Start of Task data

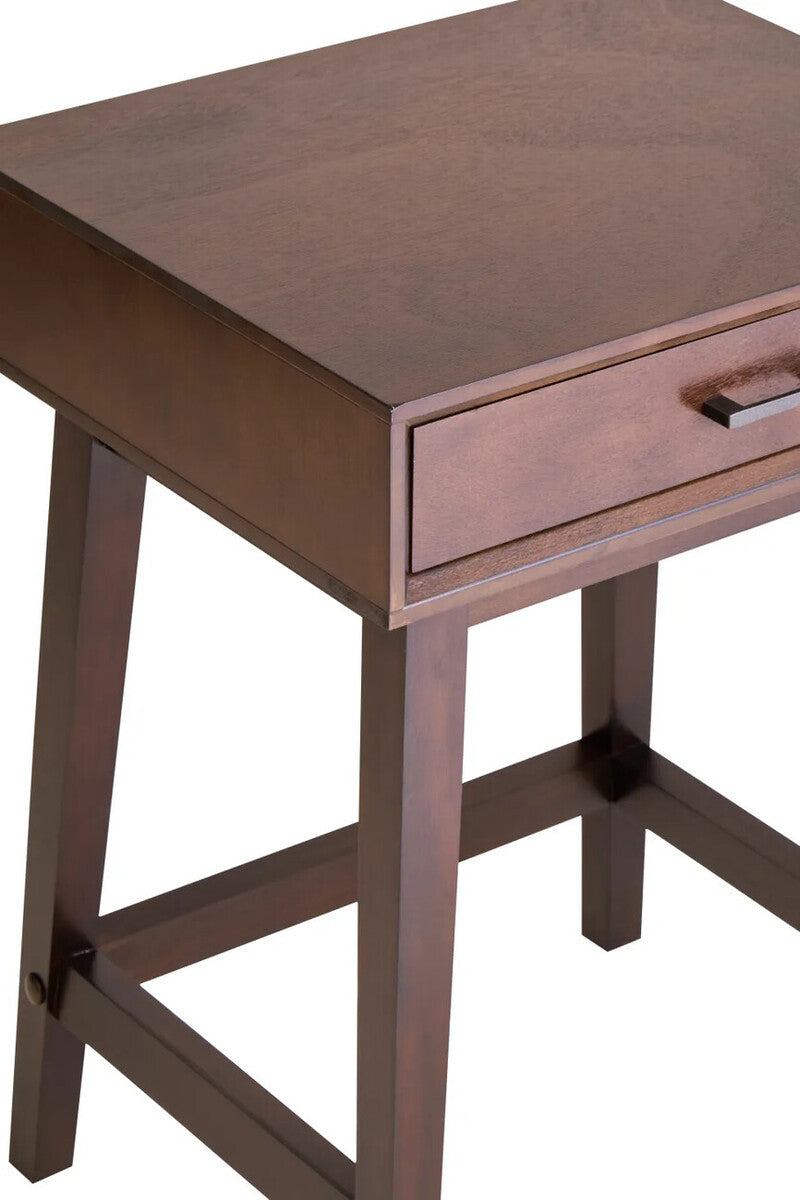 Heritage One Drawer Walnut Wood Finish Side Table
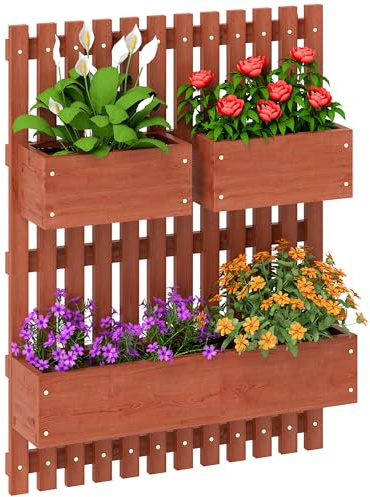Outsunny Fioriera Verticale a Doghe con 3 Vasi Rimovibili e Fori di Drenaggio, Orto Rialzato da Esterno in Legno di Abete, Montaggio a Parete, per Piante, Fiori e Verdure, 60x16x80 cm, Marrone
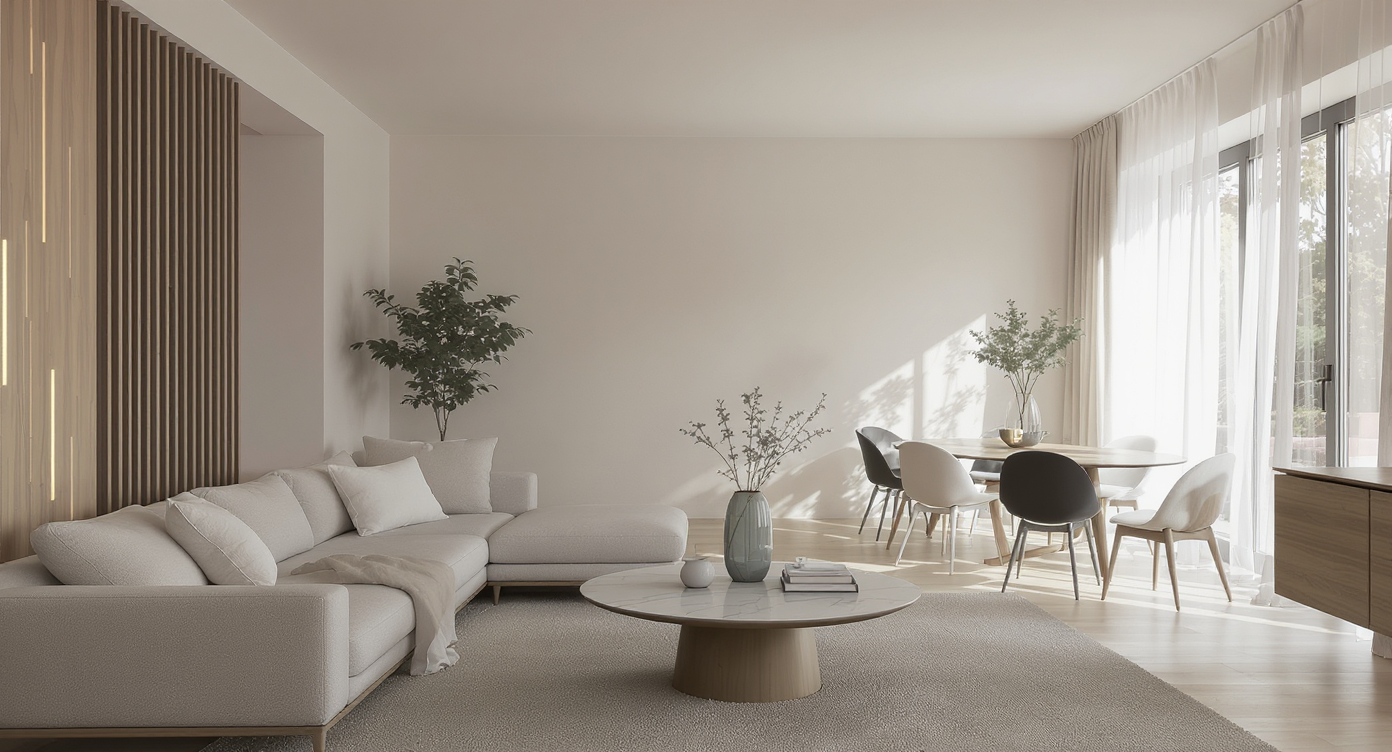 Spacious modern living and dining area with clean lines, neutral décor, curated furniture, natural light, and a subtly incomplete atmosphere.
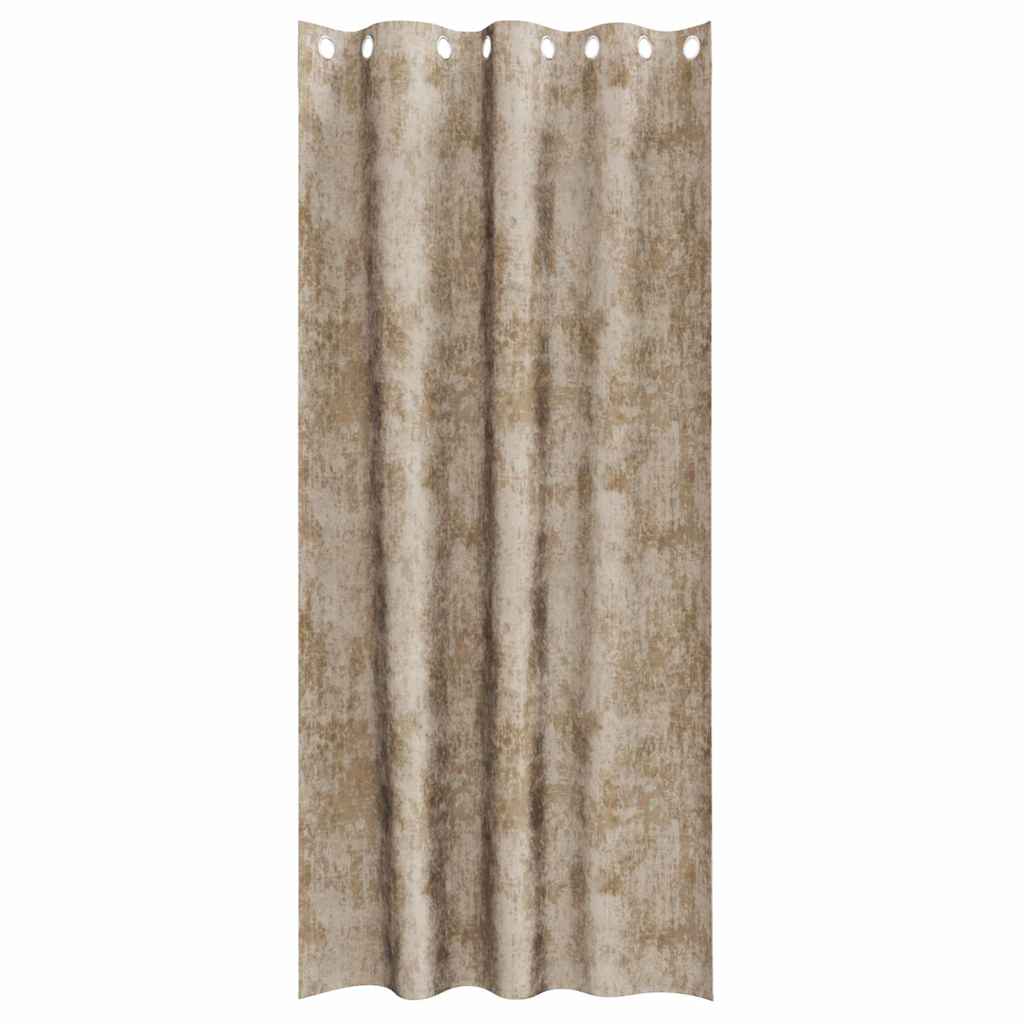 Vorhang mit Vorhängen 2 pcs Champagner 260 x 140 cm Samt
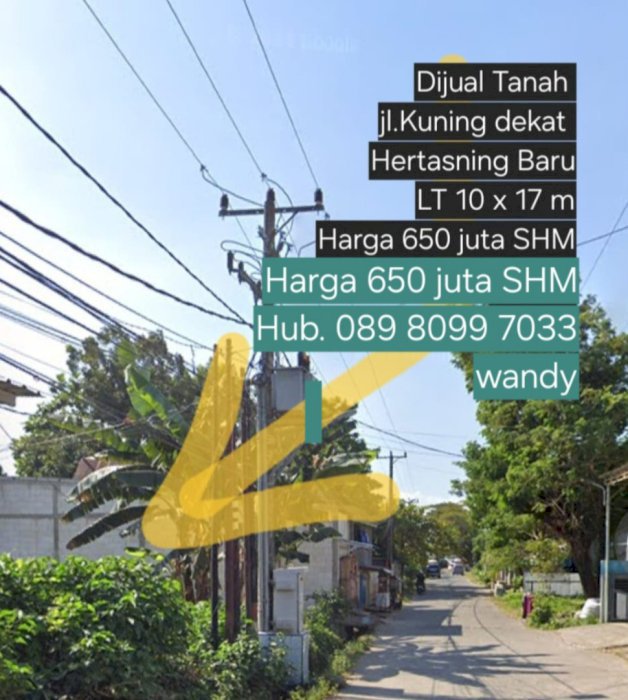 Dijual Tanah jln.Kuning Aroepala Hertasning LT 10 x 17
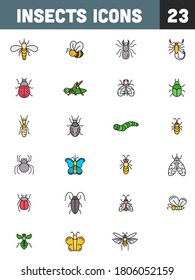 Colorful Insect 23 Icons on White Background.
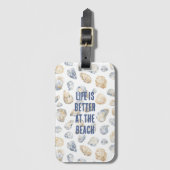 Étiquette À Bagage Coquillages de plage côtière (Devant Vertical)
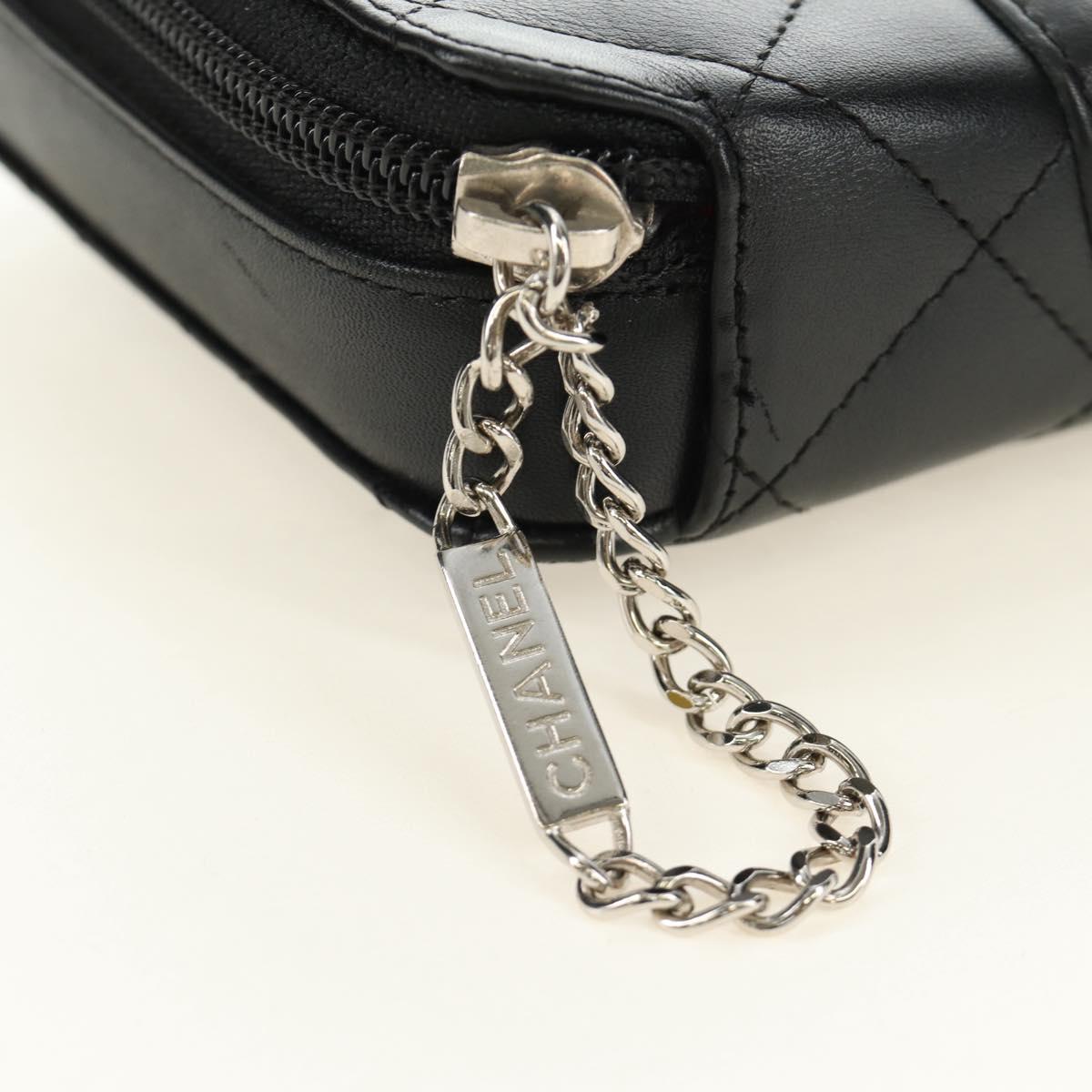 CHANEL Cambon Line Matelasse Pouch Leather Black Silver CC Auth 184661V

End of Task data

→ Directions:
An exact copy of every record above is required, with all pictures omitted.

→ Finished task:
 Heritage One Drawer Walnut Wood Finish Side Table
Outsunny Fioriera Verticale a Doghe con 3 Vasi Rimovibili e Fori di Drenaggio, Orto Rialzato da Esterno in Legno di Abete, Montaggio a Parete, per Piante, Fiori e Verdure, 60x16x80 cm, Marrone
 Spacious modern living and dining area with clean lines, neutral décor, curated furniture, natural light, and a subtly incomplete atmosphere.
 Vorhang mit Vorhängen 2 pcs Champagner 260 x 140 cm Samt
 Dijual Tanah jln.Kuning Aroepala Hertasning LT 10 x 17
 Colorful Insect 23 Icons on White Background.
 Étiquette À Bagage Coquillages de plage côtière (Devant Vertical)
 CHANEL Cambon Line Matelasse Pouch Leather Black Silver CC Auth 184661V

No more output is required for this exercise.